Um ensaio-resenha de As Coisas que Perdemos no Fogo, da Mariana Enriquez
Relacionamentos, especialmente os longos, são uma alquimia muito esquisita entre as coisas que vocês têm em comum e as coisas que é melhor não ter, para que cada um possa guardar um pedaço que é só seu, ter uma lista de filmes que é só sua, nunca perder uma certa satisfação no tempo que se passa sozinho. Eu falo isso não porque essa seja uma newsletter sobre relacionamentos, ela é na verdade um texto sobre histórias de terror, uma coisa que meu namorado não vê.
Ele também não vê documentários estonianos sobre mulheres numa sauna ou filmes tchecos da década de 60 ou a fase maoísta do Godard e tudo isso eu estou em paz. Eu vejo essas coisas sozinha e aqui e ali o convenço de que ele deveria ver Blow Up ou Acossado. Mas tem algo específico no terror que me empurra a querer compartilhar, a querer que alguém vá comigo ao cinema, que alguém assista comigo a Isabelle Adjani enlouquecendo em um metrô de Berlim e então eu me pego constantemente tentando convence-lo de que não tem motivo nenhum para alguém não ver filmes de terror.

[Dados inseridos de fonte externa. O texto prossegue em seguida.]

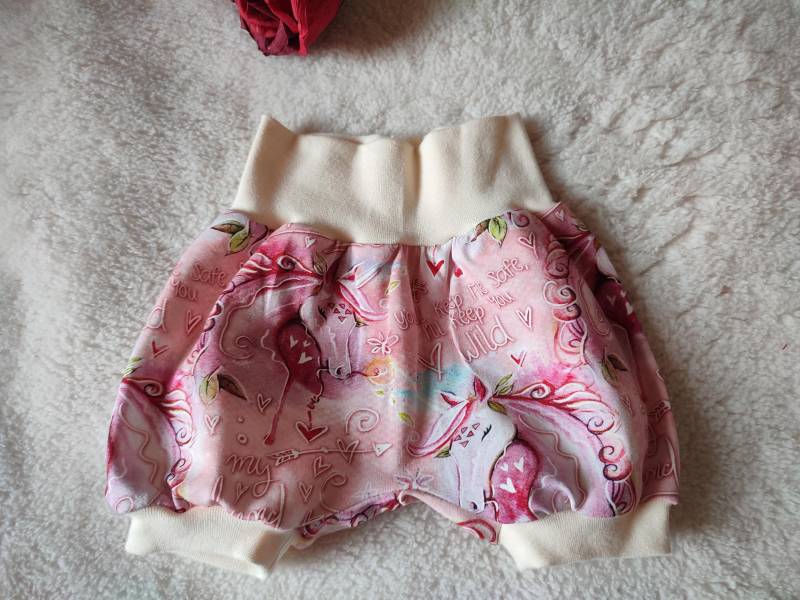 Kurze Pumphose Gr. 50/56 Sommerhose Pumpi Baumwoll-Jersey von kreativbyIM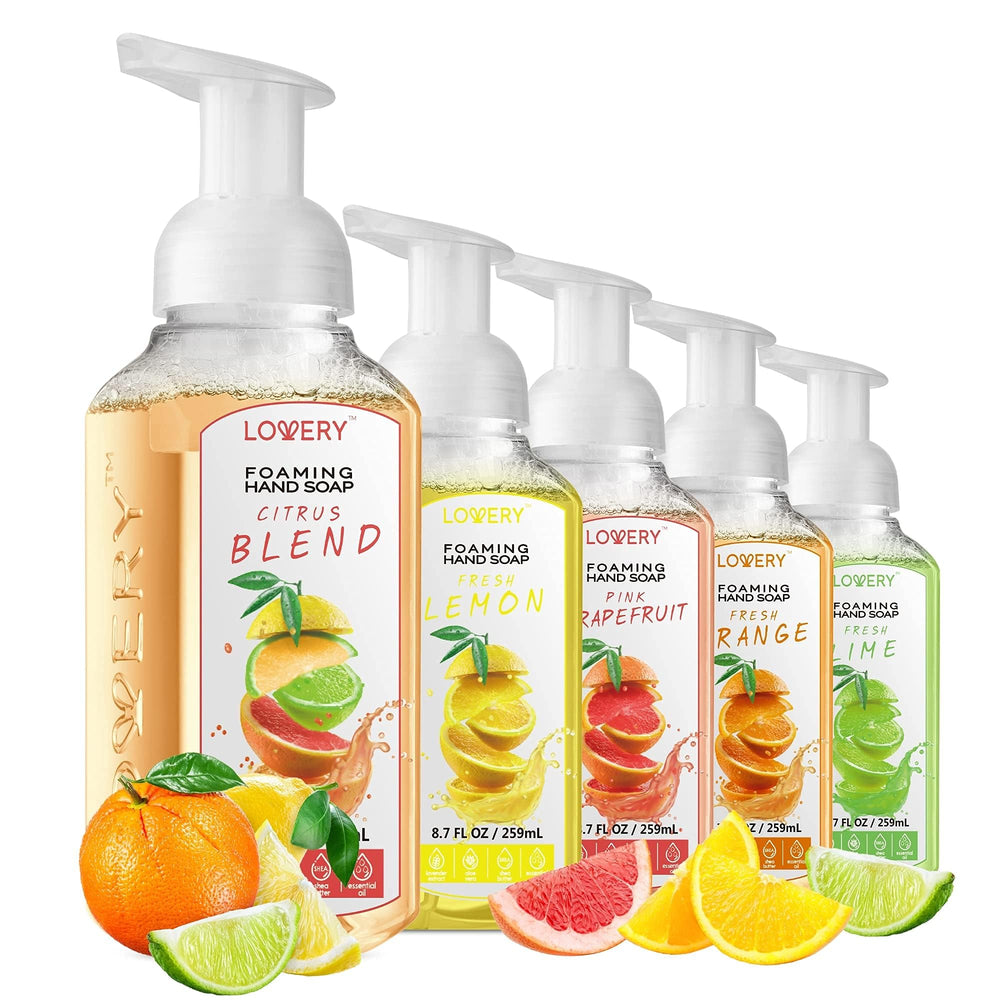 Lovery bottle on kitchen sink in use for fresh-scented hand washing benefit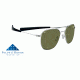 Serengeti Sortie Sunglasses, Pilot Shiny Silver Frame, 555nm Lens 7844FOH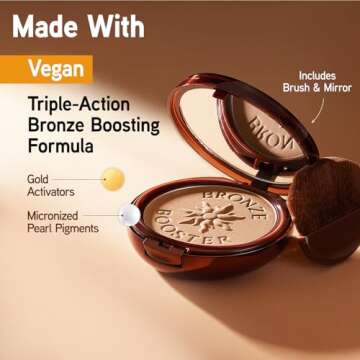 Physicians Formula Bronze Booster Pressed Contour Bronzer - Glow Activator Vitamin Infused Technology with a Natural Finish, Buildable Coverage, Cruelty-Free & Hypoallergenic - Medium-to-Dark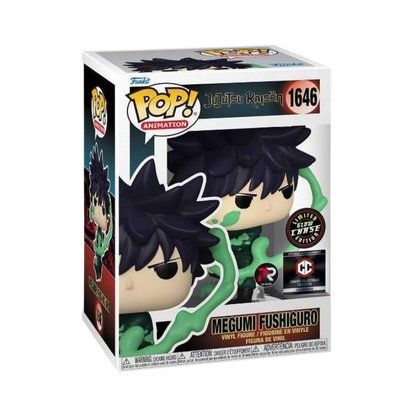 Megumi Fushiguro Funko Pop! #1646 Glow Chase Chalice Collectibles Pre-Release Exclusive stock photo in-box from Jujutsu Kaisen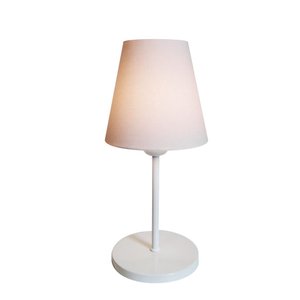Abajur Cabeceira para Quarto Cone Vivare Md-2005 Cúpula em Tecido Cone - Bivolt - Branco / Branco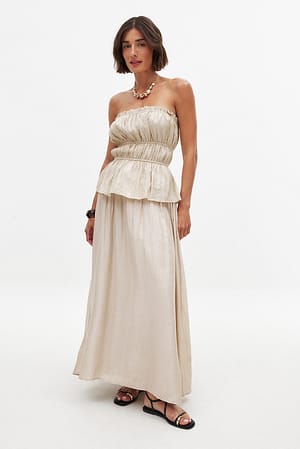 Beige Cotton Flowy Long Skirt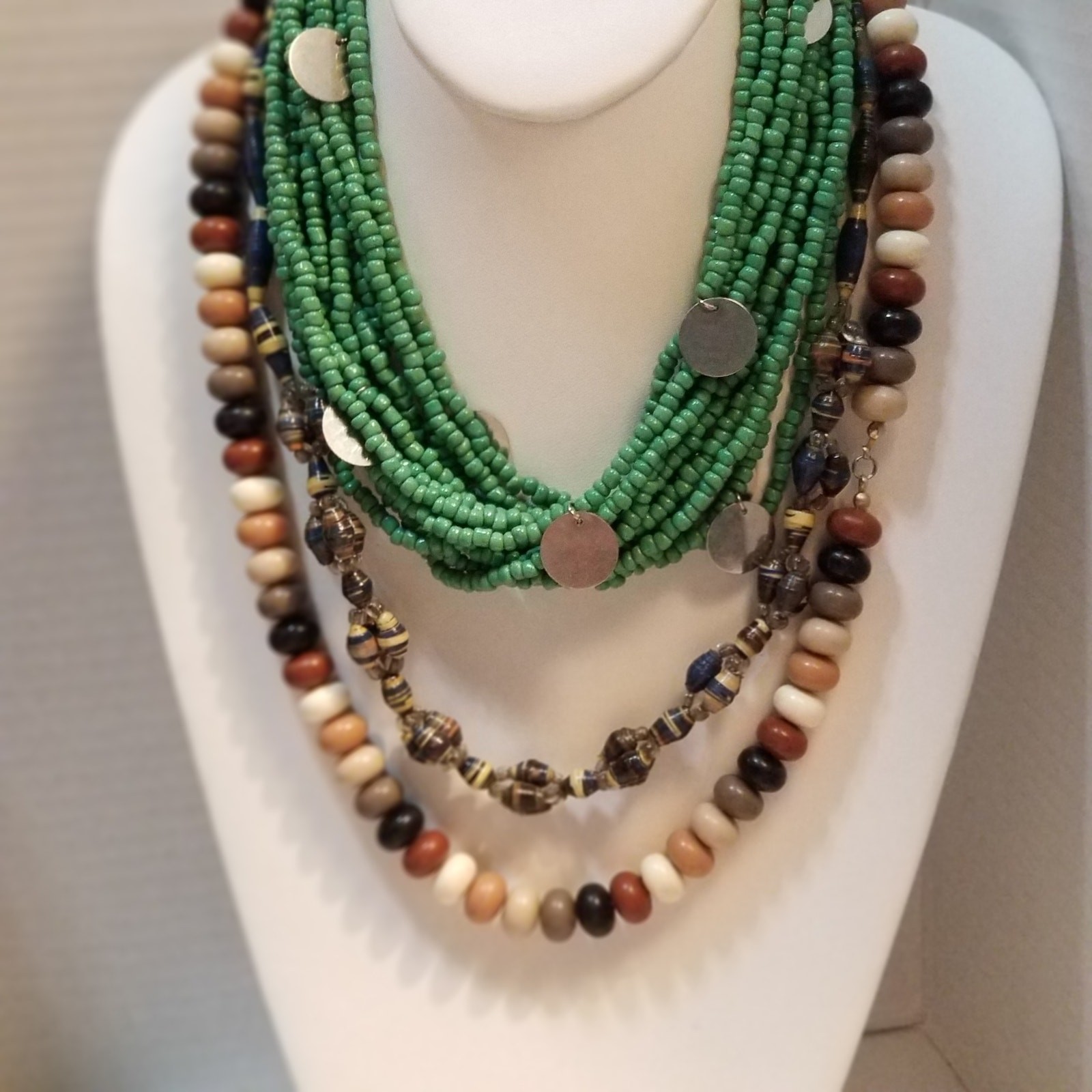Lot of 18 necklaces bracelets ring and pair of earrings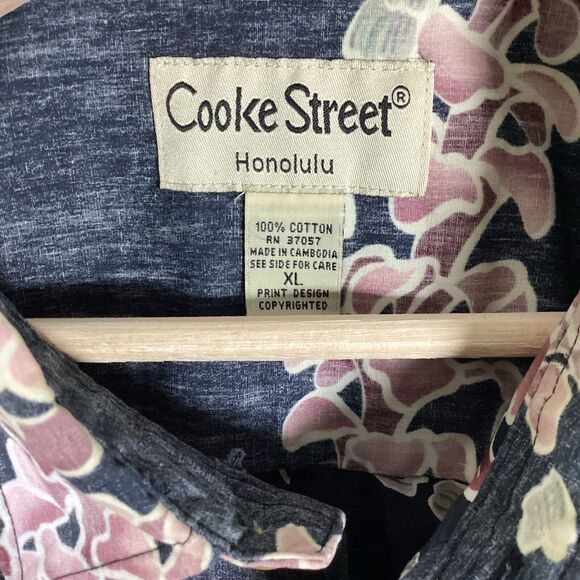 Cooke Street Honolulu Mens XL Hawaiian Floral Blue Button Camp Shirt U.S.A Made - Picture 3 of 15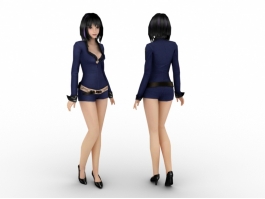 Beautiful Police Woman 3d preview
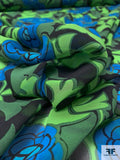 Dramatic Floral Printed Silk Chiffon - Green / Blue / Black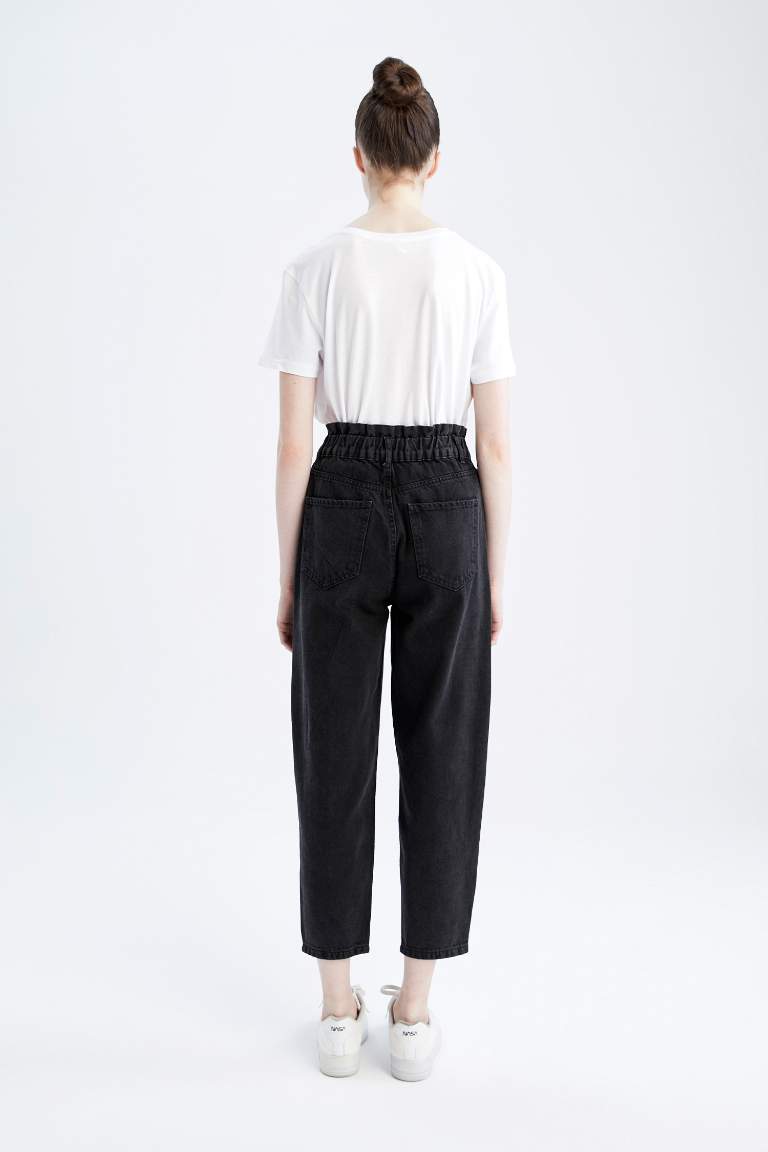 Paperbag Fit High Waist Jean  Cotton Trousers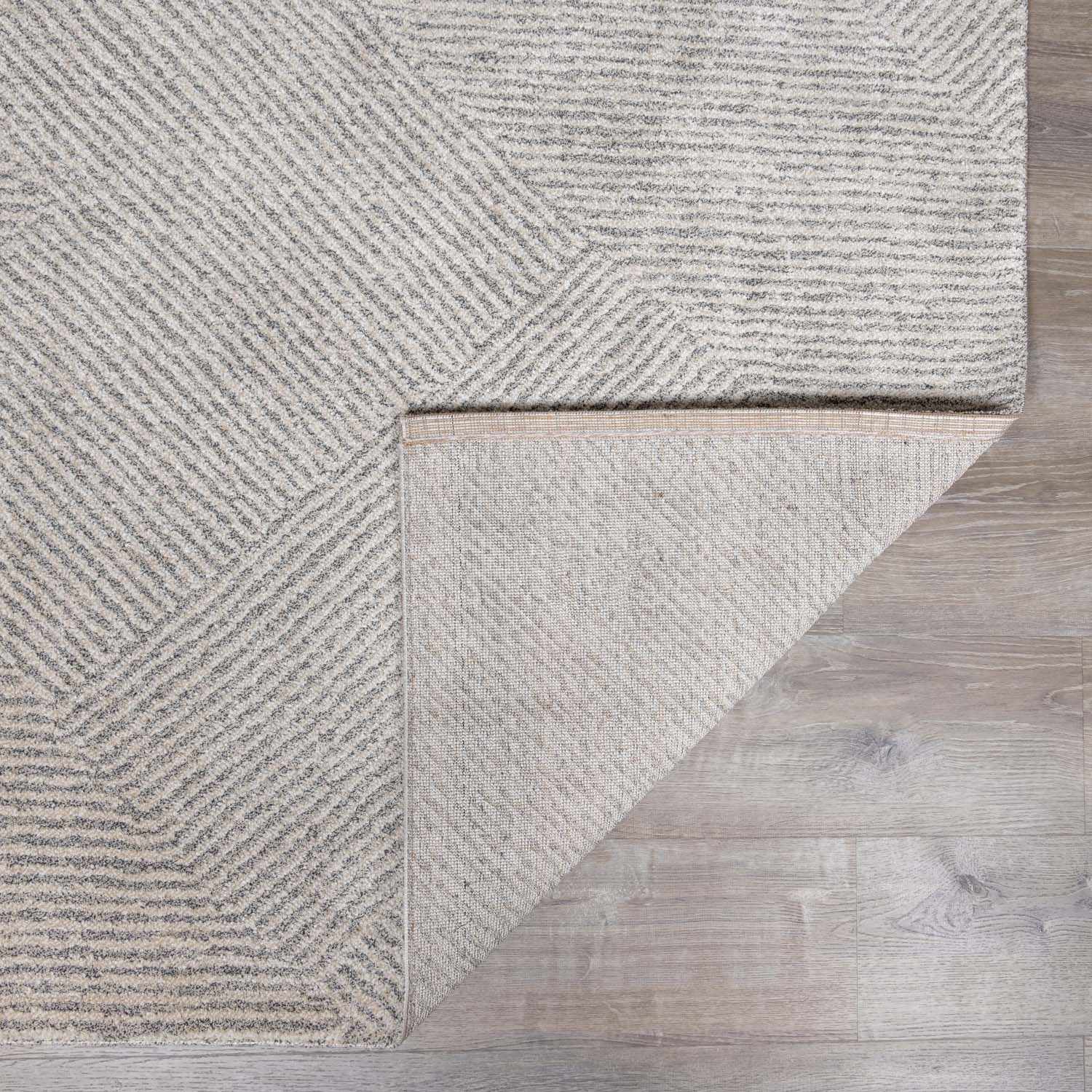 Haven Area Rug  High Pile  Machine Woven  Cream/Gray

É claro que eu sei que tem, mas o que é a vida senão umas mentiras que a gente conta pra convencer o outro de alguma coisa e faz umas semanas, enquanto ele tentava me explicar o que exatamente não gostava nesses filmes, eu repeti o que talvez seja meu argumento mais constante “é um filme de zumbi, mas não é um filme sobre zumbis". Ele riu e então perguntou “mas é sobre o que?” e eu desenrolei algo sobre a sociedade de consumo, a mídia norte-americana, o racismo. Não deixa de estar certo, você sabe se já viu algum filme do Romero, mas por motivos que a gente vai chegar eu me peguei pensando nisso nos últimos dias. E a verdade é que os bons filmes de terror de fato não são sobre os monstros, eles são sobre o medo.